WASHINGTON -- The Bush administration, increasingly convinced that Saddam Hussein will hold onto power even after the rout of his forces, is quietly forging a strategy to prompt a coup in Baghdad by preventing the Iraqi president from rebuilding his shattered economy and offering a brighter future to his war-weary people.
Senior U.S. officials said yesterday that the United States intends to maintain the economic sanctions that block Iraqi oil exports, depriving Saddam of the money his country desperately needs to recover from the allied bombing. They hope that the further deterioration of life inside Iraq, and the bleakness of the country's prospects, will spark a revolt against Saddam's leadership in a matter of weeks or months.
"We will present Iraqis with the prospect of a future in which this leader will just drag them further and further down," a senior official said.
Asked whether the administration foresaw Saddam being forced out of power within a year, the official replied: "We wouldn't want him around for that long."
At the same time, the administration plans to ask the United Nations to maintain its embargo on sales of military and other "strategic" goods to Iraq, to make it impossible for Saddam's armed forces to rebuild.
And, in a further bid to humiliate Saddam and prevent new threats to Kuwait, the allies are considering strict limits on the number and types of weapons, especially armor and artillery, that Iraq will be allowed to station near its southern border, officials said.
All three measures have been part of an evolving U.S. strategy for what some officials refer to as "the war termination phase" -- the political and military arrangements to be made in the immediate aftermath of Saddam's defeat. The suddenness of Iraq's military collapse has sent senior officials scrambling to finish work on policy options for President Bush.
"We expected the Iraqi army to hang around a little longer," a White House official confessed.
At some point, a senior official said, Bush will officially declare the war over because its main goals, the removal of Iraqi troops from Kuwait and the restoration of the emirate's government, have been achieved.
"The question is not how to declare victory, but how to define its terms," he said. "We have a responsibility to help ensure peace and stability."

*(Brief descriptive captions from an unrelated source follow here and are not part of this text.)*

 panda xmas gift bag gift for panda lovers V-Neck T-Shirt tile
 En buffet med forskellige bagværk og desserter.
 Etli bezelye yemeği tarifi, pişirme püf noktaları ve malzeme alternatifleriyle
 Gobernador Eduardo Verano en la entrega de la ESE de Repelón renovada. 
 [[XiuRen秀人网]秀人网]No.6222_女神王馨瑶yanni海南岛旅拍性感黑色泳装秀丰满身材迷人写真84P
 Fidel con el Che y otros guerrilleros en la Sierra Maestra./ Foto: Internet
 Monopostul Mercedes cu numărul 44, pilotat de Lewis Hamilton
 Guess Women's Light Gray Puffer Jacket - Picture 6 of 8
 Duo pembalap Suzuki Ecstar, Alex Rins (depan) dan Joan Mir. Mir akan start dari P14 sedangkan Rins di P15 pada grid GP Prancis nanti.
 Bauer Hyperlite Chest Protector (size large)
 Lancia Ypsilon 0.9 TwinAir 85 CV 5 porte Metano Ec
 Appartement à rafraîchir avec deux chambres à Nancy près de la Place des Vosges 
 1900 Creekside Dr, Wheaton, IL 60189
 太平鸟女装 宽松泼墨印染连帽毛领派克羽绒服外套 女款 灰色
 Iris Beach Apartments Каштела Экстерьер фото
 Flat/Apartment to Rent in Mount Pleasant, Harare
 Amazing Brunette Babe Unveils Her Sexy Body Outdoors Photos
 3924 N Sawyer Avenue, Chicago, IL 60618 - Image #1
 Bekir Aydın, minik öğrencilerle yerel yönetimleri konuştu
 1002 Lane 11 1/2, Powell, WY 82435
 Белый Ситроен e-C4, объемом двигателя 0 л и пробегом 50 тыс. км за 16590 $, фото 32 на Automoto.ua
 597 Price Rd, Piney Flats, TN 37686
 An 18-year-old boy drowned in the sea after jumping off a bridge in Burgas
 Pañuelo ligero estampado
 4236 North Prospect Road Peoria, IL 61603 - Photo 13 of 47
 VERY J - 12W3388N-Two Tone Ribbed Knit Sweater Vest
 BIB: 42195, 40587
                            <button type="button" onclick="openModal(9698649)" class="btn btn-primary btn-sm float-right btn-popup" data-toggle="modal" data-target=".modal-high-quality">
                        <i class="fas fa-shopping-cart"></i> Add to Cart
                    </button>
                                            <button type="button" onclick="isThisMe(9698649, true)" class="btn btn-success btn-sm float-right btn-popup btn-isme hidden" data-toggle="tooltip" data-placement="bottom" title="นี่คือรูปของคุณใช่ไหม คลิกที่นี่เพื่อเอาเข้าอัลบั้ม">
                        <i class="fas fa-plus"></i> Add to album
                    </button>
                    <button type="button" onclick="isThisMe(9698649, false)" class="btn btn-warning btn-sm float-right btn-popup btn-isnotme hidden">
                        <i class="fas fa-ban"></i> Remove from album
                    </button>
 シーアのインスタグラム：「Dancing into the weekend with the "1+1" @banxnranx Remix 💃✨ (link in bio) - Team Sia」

Unlike most wars, this one is not ending with a formal peace conference to set the terms of the armistice. "Saddam isn't going to negotiate a surrender," the official said.
As a result, the administration intends to ask the U.N. Security Council to maintain some of its 12 resolutions authorizing international sanctions against Iraq until the United States and its allies are satisfied that "peace and security" are restored, as the council's resolution No. 678 calls for. And that, officials are increasingly saying, means that Saddam must lose his job.
The U.N. resolutions, besides demanding Iraqi withdrawal from Kuwait, require Iraq formally to renounce its annexation of the emirate and to pay reparations for all damage caused as a result of its invasion and occupation. Iraq has not fulfilled those conditions.
The United States, as one of the five permanent members of the Security Council, can veto any decision of the panel -- and thus could block any move to relax the sanctions, the State Department official noted.
In practice, however, it would be difficult to enforce a continued economic embargo against Iraq unless most major nations agree that the sanctions should continue.
So, even before the last guns are stilled, Secretary of State James Baker and others are already beginning the first diplomatic steps toward forging a postwar consensus. Baker was scheduled to meet with British Foreign Secretary Douglas Hurd today, French Foreign Minister Roland Dumas tomorrow and German Foreign Minister Hans-Dietrich Genscher on Friday. He may also fly to Saudi Arabia next week.
Paradoxically, one senior official said, the administration sees an odd silver lining if Saddam manages to cling to power in Baghdad -- at least for a while.
"We need to keep the coalition together, but in the postwar phase, the goals are less clear and defined," he said. "If he's still there, it's easier to keep the coalition together."
The administration plans to seek a relaxation of the U.N. embargo on non-strategic sales to Iraq, such as food and consumer goods.
Despite its continued reliance on the U.N. resolutions, however, the administration has already decided to bypass the United Nations for most of its postwar security arrangements, officials said.
Instead, the focus will be on the Gulf Cooperation Council, a long-ineffective regional grouping of Saudi Arabia and its neighbors, which officials hope can now be invigorated with long-term links to the countries whose armies are playing the major part in winning the war -- the United States, Britain, France and Egypt.
The idea of demilitarizing part of southern Iraq is "under some discussion," a senior official said. Some officials are strongly in favor of the idea, but others argue that it raises a host of new problems.
In any case, several officials said, the administration has no interest in a long-term role for American troops inside Iraq. If the area is to be occupied for a time, or patrolled by an observer force, "we want to turn the job over to Arab forces as soon as possible," a White House official said.
But George Carver, a former deputy director of the CIA, predicted that Saddam would soon fall under continued economic and political pressure.